My primary responsibility as poet-in-residence for the Milwaukee Zoo was to select the poems for installation, in consultation with my zoo and library partners. The completed project is a work of art resulting from this collaboration. Each poem is presented in a unique way on a sign designed especially for it and placed in a specifically chosen location. The poem, the font used, the size and form of each sign, the materials composing its design, and the location of the installation, all functioning together, result in an experience not like any other artistic endeavor.
Lines from “In Beauty May I Walk”, for instance, by Anonymous, Navajo Indian, are painted on the eaves of a long boardwalk leading into the Peck Welcome Center.
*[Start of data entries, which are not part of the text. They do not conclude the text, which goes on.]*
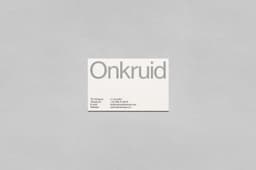 Brand Identity For Onkruid - thumbnail 5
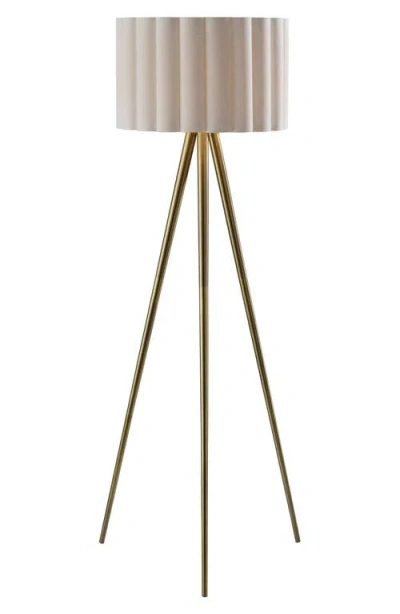 Adesso Lighting Caldwell Floor Lamp In White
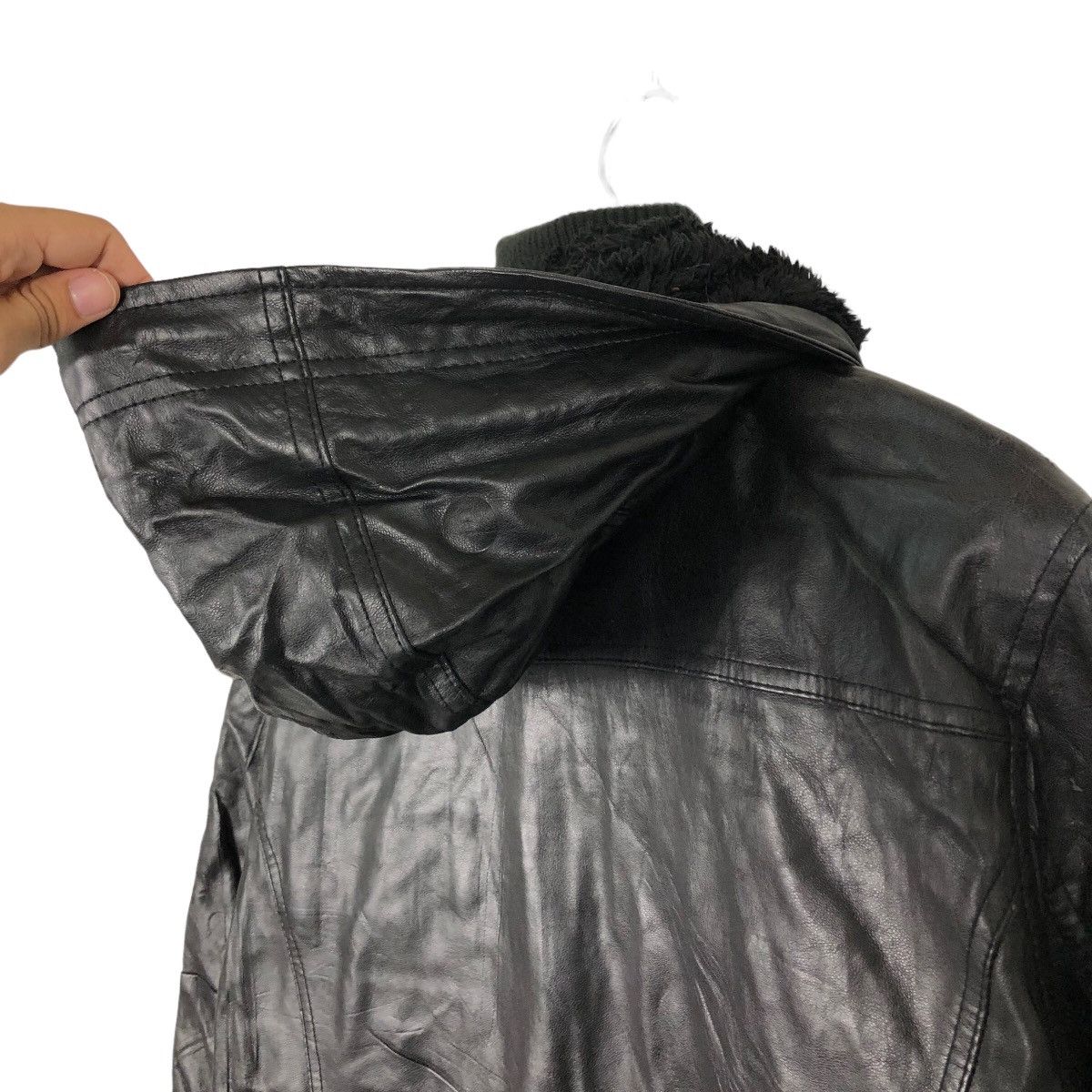 Genuine Leather 🔥90’s Soft Leather Bomber Jacket Azul Japan Made Size US S / EU 44-46 / 1 - 9 Thumbnail
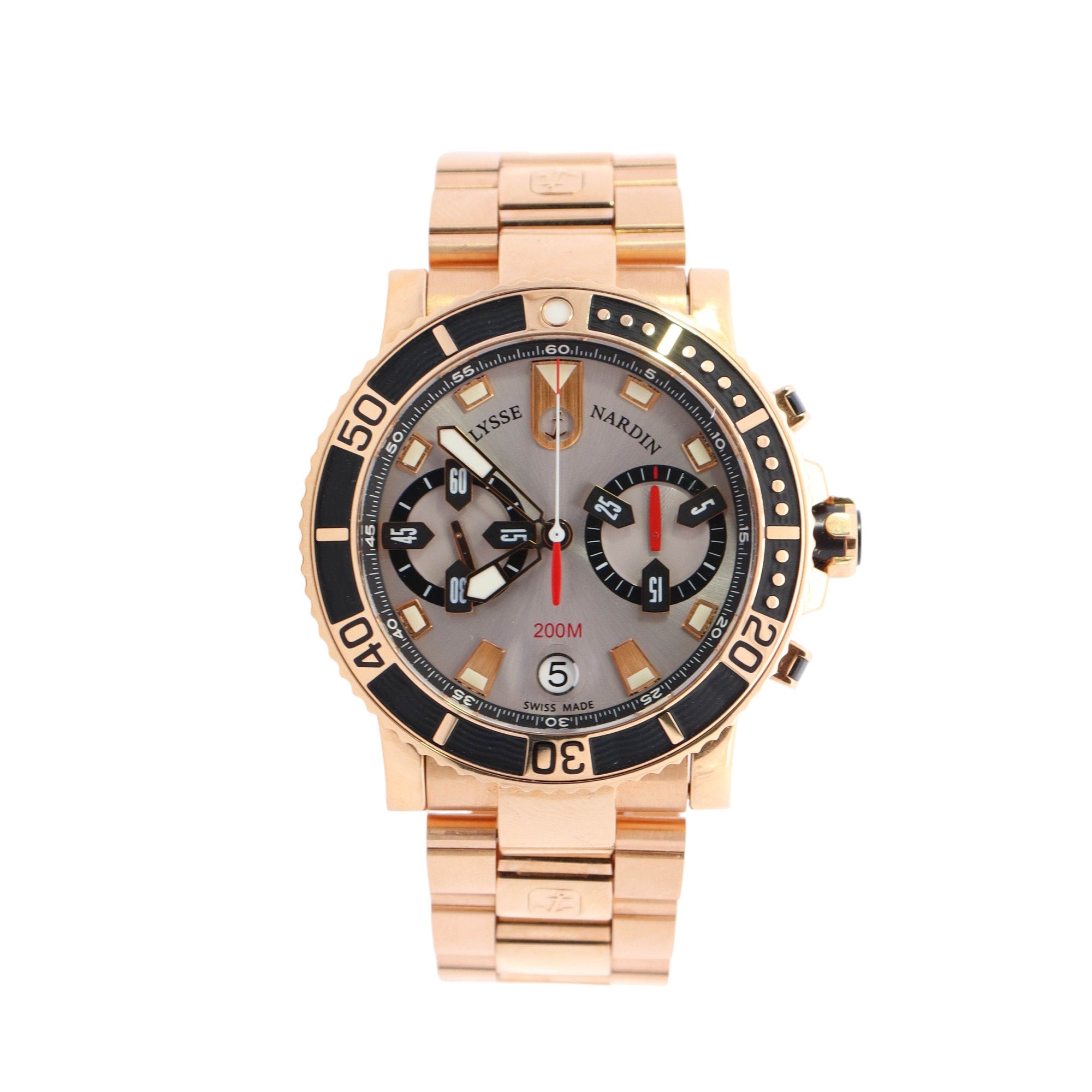 Ulysse Nardin 42.7mm Grey Chronograph Dial Ref#8006-102 - Happy Jewelers Fine Jewelry Lifetime Warranty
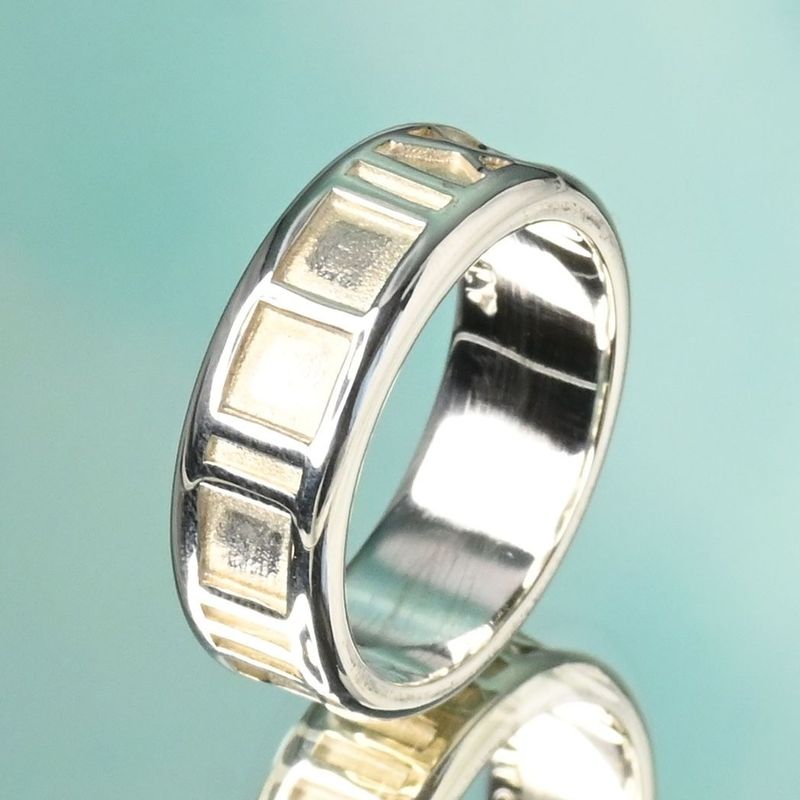 【研磨済】TIFFANY＆Co. アトラス リング 8.5号 シルバー925 ティファニー 指輪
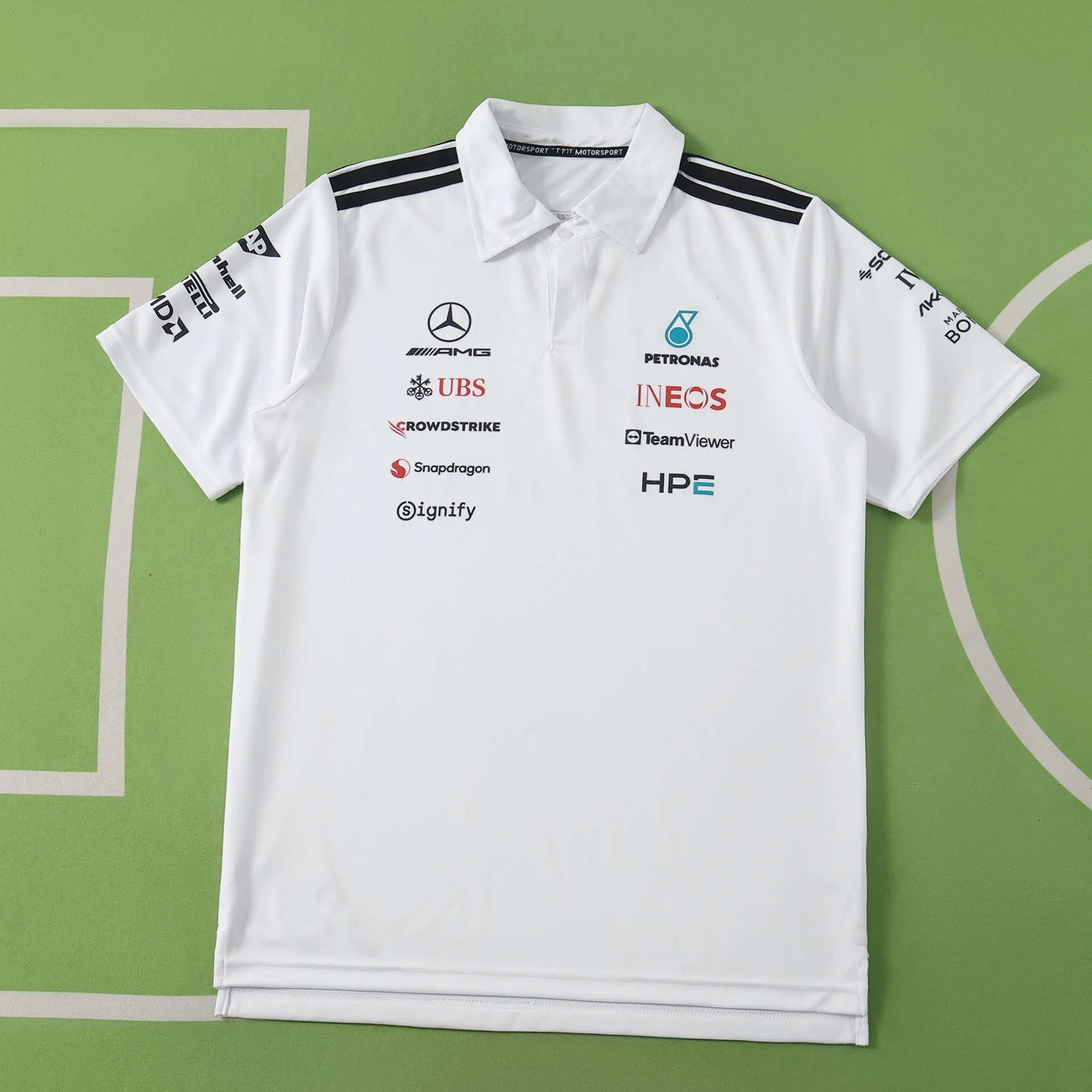 2026F1梅赛德斯奔驰白色POLO衫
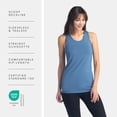 thumbnail image 2 of Fishers Finery Women's Ecofabric Moisture Wicking Yoga Jersey Tank - New Fabric (Blue, M), 2 of 5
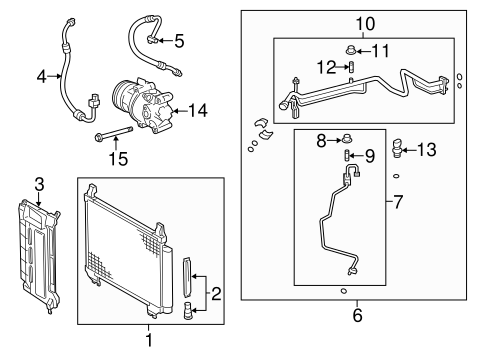 HVAC/CONDENSER, COMPRESSOR & LINES for 2015 Toyota Yaris #1
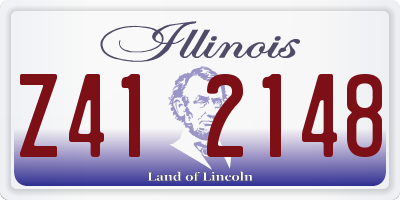 IL license plate Z412148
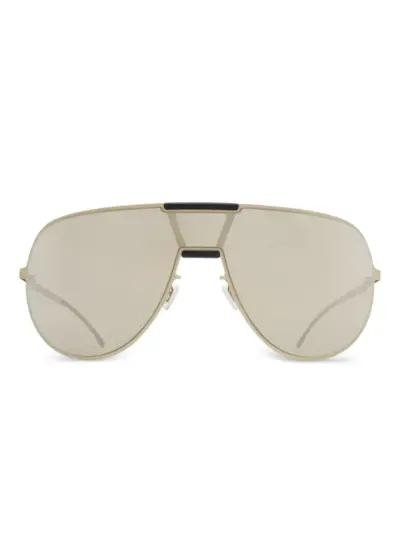 Mykita metal-frame mirrored sunglasses - Neutrals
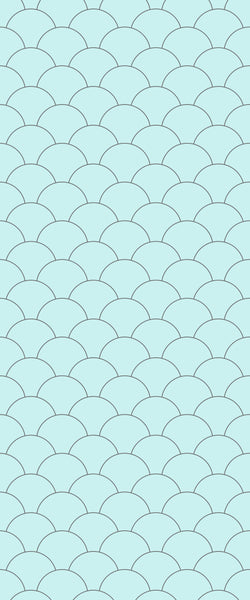 Blue Fishscales Acrylic Shower Wall Panel 2440mm x 1220mm (3mm Thick) - CladdTech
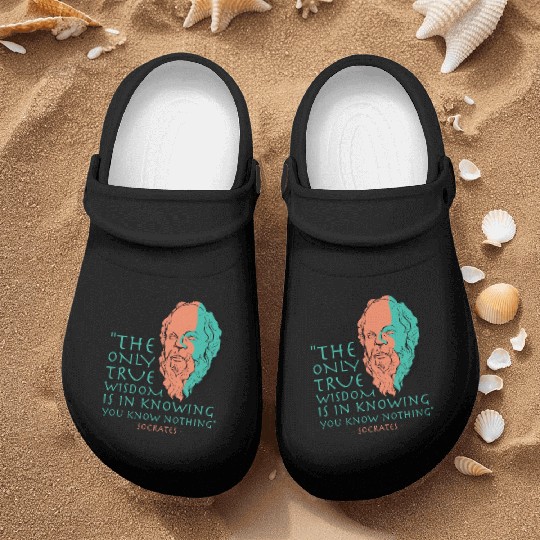 Socrates Stoic Philosophy Quote Nurse Clogs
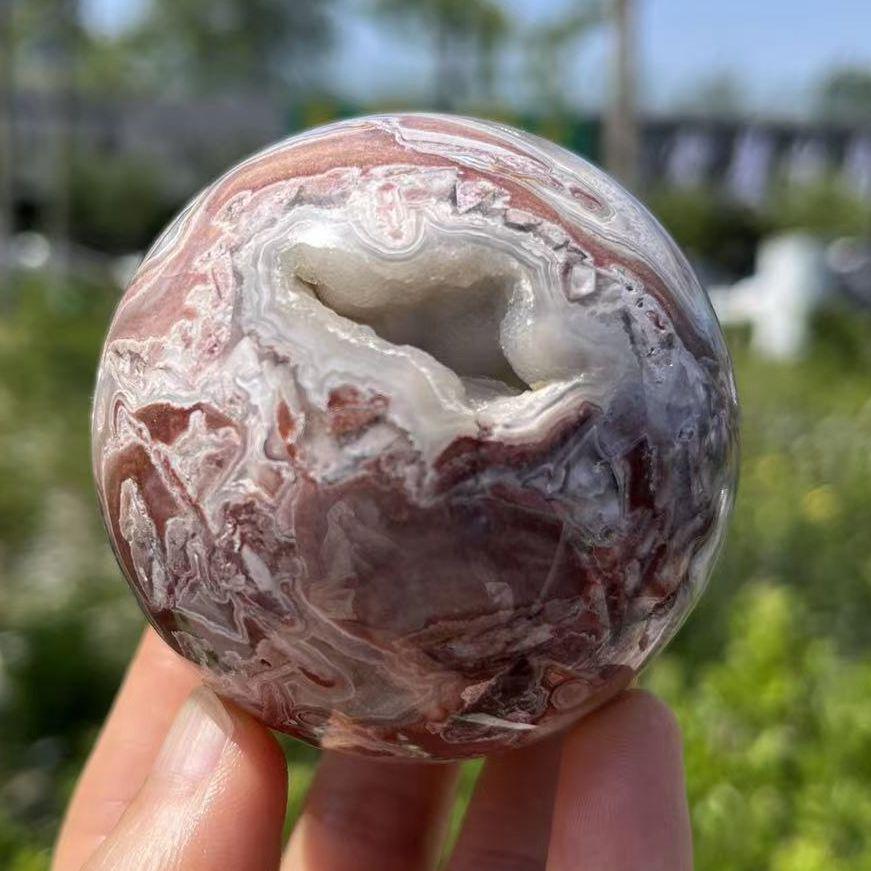 Mexican Lace Agate Sphere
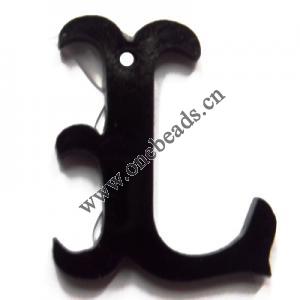 Resin Pandent Letters 30x22mm Sold by bag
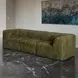 Nappi Olive Green 107" Modular Sofa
The poem is chanting and prayer-like:
On the trail marked with pollen may I walk
With grasshoppers about my feet may I walk
With dew about my feet may I walk
With beauty before me may I walk
With beauty above me may I walk
With beauty all around me may I walk
People are actually walking as they read the poem, the lines in rhythm and cadence with the pace each chooses. “We hear people reading the poetry aloud as they walk. How cool is that?” one of the Zoo artists reported to me.
Engraved on a wing-shaped stone in the Aviary Free Flight Exhibit, where birds fly above, circling and perching high on trees and rocks, are the lines, “The birds don’t alter space, / They reveal it”, from Li-Young Lee’s poem “Praise Them.”
Now the deep African sky
lifts a glittering claw;
we, the vulnerable, hear
the rasp of death
and twitch our haunches
as the golden cat
begins the dance.
Each stanza appears on a separate sign framed by branches fastened with rough rope. They lead down the walkway to the Big Cat Compound, where an excerpt from “The Other Tiger” by Jorge Luis Borges is painted on the wall opposite the expansive quarters where two young tiger brothers romp and wrestle together while their mother lounges, dozing.
These lines from Reg Saner’s poem “This Grizzly” are engraved in stone beside the grizzly compound where a female grizzly and her three cubs reside:
an individual
huge-humped and hulking, a sulker,
bilge-bellied, bossy-broad, is a boreal
and forest-fearsome crush of claws,
is claws alive
with bloom, with tundras of mud;
Because she had been entering spaces of human habitation in Alaska, the life of this particular grizzly was threatened. The Milwaukee Zoo director and staff, learning of the situation, made extensive arrangements, including securing the donated use of a private plane for transportation, and subsequently rescued her. After settling her into the Zoo, it was discovered that she was pregnant. She later gave birth to three healthy cubs.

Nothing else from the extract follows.